:: Task ::
Beginning with the first line, please repeat the entries exactly and end on the line that contains "7x5ft Pink Christmas".

[Entries taken from a collection]
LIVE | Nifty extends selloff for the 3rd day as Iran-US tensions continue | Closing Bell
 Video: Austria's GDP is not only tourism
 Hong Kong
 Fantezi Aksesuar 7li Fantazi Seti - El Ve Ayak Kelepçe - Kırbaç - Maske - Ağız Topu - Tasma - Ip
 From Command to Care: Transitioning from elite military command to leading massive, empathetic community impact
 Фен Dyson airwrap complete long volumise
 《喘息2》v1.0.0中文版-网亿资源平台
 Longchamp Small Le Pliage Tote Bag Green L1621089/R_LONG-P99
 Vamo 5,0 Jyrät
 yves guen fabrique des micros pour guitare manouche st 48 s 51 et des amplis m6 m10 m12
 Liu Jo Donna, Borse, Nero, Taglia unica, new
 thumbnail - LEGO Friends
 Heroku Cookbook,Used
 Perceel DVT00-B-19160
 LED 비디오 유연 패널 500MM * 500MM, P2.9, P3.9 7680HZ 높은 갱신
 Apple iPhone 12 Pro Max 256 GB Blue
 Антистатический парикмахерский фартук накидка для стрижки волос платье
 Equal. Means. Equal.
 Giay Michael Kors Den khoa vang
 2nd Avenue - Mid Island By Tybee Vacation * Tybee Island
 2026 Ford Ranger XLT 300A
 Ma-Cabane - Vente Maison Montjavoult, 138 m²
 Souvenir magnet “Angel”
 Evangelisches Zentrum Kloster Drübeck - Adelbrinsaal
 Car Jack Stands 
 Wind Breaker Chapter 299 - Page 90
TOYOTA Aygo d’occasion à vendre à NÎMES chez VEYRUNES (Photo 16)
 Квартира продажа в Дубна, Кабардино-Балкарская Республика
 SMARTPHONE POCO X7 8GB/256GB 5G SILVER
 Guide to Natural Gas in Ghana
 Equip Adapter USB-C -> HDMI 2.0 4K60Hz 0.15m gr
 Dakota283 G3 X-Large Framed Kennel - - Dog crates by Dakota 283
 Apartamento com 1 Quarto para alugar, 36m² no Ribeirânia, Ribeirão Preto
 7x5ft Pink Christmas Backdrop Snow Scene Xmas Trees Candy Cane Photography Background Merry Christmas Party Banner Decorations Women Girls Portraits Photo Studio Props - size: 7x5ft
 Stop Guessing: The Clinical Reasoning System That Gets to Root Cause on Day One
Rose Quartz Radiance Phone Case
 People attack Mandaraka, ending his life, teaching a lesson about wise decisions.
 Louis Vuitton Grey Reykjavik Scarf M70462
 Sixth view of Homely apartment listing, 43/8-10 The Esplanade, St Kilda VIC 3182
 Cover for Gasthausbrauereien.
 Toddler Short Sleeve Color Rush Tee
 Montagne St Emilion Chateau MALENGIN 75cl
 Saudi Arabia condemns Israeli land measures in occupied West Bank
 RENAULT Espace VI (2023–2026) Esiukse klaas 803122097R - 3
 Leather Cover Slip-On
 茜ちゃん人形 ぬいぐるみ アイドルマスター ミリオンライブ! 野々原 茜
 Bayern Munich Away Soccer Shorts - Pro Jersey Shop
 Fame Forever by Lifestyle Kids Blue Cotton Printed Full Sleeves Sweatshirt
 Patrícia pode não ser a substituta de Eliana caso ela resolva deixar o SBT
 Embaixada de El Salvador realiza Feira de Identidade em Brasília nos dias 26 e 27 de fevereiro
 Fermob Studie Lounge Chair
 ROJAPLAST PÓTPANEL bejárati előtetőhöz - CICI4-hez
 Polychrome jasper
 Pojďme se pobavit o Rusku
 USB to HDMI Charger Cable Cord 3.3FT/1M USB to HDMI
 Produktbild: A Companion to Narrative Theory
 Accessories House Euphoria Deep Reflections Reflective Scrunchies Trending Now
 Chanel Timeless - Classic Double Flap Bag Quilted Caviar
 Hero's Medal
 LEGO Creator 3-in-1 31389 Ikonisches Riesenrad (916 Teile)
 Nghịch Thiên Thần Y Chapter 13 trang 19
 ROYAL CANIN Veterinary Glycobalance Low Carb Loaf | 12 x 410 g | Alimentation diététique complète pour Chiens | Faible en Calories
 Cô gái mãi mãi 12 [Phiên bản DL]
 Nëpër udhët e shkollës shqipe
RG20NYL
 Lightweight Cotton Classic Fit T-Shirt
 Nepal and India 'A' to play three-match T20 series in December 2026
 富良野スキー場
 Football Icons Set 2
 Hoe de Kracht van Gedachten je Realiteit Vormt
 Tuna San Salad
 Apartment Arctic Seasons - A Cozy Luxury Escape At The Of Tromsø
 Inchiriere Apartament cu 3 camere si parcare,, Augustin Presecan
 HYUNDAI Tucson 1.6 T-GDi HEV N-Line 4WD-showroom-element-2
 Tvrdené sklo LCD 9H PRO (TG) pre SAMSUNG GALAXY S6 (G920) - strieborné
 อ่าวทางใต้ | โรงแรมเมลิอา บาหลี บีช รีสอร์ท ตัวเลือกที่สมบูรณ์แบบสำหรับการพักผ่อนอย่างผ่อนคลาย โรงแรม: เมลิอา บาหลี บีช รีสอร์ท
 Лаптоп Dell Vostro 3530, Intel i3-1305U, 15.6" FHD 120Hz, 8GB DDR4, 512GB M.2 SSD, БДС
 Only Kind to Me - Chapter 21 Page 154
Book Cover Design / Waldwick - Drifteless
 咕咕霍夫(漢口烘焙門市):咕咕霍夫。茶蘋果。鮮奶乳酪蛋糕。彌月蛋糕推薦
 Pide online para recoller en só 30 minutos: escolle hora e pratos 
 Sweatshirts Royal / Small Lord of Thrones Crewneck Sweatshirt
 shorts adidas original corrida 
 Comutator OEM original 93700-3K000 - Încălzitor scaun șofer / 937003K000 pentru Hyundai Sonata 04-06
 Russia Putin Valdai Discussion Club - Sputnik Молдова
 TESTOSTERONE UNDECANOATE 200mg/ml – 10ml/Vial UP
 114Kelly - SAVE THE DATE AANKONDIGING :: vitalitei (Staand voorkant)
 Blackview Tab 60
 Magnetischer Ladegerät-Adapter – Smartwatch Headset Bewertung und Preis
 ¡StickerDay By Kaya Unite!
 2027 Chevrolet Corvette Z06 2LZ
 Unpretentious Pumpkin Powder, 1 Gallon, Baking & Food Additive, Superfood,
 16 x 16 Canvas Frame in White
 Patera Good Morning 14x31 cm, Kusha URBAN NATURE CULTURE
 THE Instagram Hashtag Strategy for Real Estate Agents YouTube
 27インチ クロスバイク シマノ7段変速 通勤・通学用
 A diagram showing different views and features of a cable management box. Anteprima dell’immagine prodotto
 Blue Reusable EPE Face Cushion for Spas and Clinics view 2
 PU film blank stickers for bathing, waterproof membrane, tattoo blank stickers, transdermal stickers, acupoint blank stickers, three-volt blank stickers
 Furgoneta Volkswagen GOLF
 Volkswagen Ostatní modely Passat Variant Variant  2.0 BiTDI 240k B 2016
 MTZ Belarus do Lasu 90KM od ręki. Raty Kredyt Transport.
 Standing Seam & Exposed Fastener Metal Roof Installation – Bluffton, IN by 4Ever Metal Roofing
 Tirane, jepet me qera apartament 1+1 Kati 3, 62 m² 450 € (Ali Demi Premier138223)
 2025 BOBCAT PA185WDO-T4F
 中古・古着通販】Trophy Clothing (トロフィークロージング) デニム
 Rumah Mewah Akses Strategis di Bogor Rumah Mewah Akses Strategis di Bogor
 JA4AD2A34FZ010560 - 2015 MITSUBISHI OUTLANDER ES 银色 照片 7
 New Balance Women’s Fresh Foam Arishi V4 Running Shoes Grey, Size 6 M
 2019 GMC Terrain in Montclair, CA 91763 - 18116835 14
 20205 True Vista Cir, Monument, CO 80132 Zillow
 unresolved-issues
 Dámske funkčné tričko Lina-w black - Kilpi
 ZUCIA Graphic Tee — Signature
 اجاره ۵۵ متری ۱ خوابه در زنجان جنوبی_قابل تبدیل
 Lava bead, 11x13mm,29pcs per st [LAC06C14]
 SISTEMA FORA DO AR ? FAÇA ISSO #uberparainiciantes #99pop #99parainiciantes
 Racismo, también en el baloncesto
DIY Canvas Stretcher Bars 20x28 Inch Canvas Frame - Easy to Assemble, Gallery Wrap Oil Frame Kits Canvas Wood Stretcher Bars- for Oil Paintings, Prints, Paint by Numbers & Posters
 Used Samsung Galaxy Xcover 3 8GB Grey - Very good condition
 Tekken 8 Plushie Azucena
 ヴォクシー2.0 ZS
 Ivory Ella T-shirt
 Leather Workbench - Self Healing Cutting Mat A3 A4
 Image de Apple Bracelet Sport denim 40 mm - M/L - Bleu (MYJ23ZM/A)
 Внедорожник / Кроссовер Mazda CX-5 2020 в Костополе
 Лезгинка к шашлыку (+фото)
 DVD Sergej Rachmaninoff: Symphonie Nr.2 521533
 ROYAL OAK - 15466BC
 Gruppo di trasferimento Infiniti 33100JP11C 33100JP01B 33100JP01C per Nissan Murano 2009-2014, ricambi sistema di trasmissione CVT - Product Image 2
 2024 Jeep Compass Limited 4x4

:: Result of the task ::
LIVE | Nifty extends selloff for the 3rd day as Iran-US tensions continue | Closing Bell
 Video: Austria's GDP is not only tourism
 Hong Kong
 Fantezi Aksesuar 7li Fantazi Seti - El Ve Ayak Kelepçe - Kırbaç - Maske - Ağız Topu - Tasma - Ip
 From Command to Care: Transitioning from elite military command to leading massive, empathetic community impact
 Фен Dyson airwrap complete long volumise
 《喘息2》v1.0.0中文版-网亿资源平台
 Longchamp Small Le Pliage Tote Bag Green L1621089/R_LONG-P99
 Vamo 5,0 Jyrät
 yves guen fabrique des micros pour guitare manouche st 48 s 51 et des amplis m6 m10 m12
 Liu Jo Donna, Borse, Nero, Taglia unica, new
 thumbnail - LEGO Friends
 Heroku Cookbook,Used
 Perceel DVT00-B-19160
 LED 비디오 유연 패널 500MM * 500MM, P2.9, P3.9 7680HZ 높은 갱신
 Apple iPhone 12 Pro Max 256 GB Blue
 Антистатический парикмахерский фартук накидка для стрижки волос платье
 Equal. Means. Equal.
 Giay Michael Kors Den khoa vang
 2nd Avenue - Mid Island By Tybee Vacation * Tybee Island
 2026 Ford Ranger XLT 300A
 Ma-Cabane - Vente Maison Montjavoult, 138 m²
 Souvenir magnet “Angel”
 Evangelisches Zentrum Kloster Drübeck - Adelbrinsaal
 Car Jack Stands 
 Wind Breaker Chapter 299 - Page 90
TOYOTA Aygo d’occasion à vendre à NÎMES chez VEYRUNES (Photo 16)
 Квартира продажа в Дубна, Кабардино-Балкарская Республика
 SMARTPHONE POCO X7 8GB/256GB 5G SILVER
 Guide to Natural Gas in Ghana
 Equip Adapter USB-C -> HDMI 2.0 4K60Hz 0.15m gr
 Dakota283 G3 X-Large Framed Kennel - - Dog crates by Dakota 283
 Apartamento com 1 Quarto para alugar, 36m² no Ribeirânia, Ribeirão Preto
 7x5ft Pink Christmas Backdrop Snow Scene Xmas Trees Candy Cane Photography Background Merry Christmas Party Banner Decorations Women Girls Portraits Photo Studio Props - size: 7x5ft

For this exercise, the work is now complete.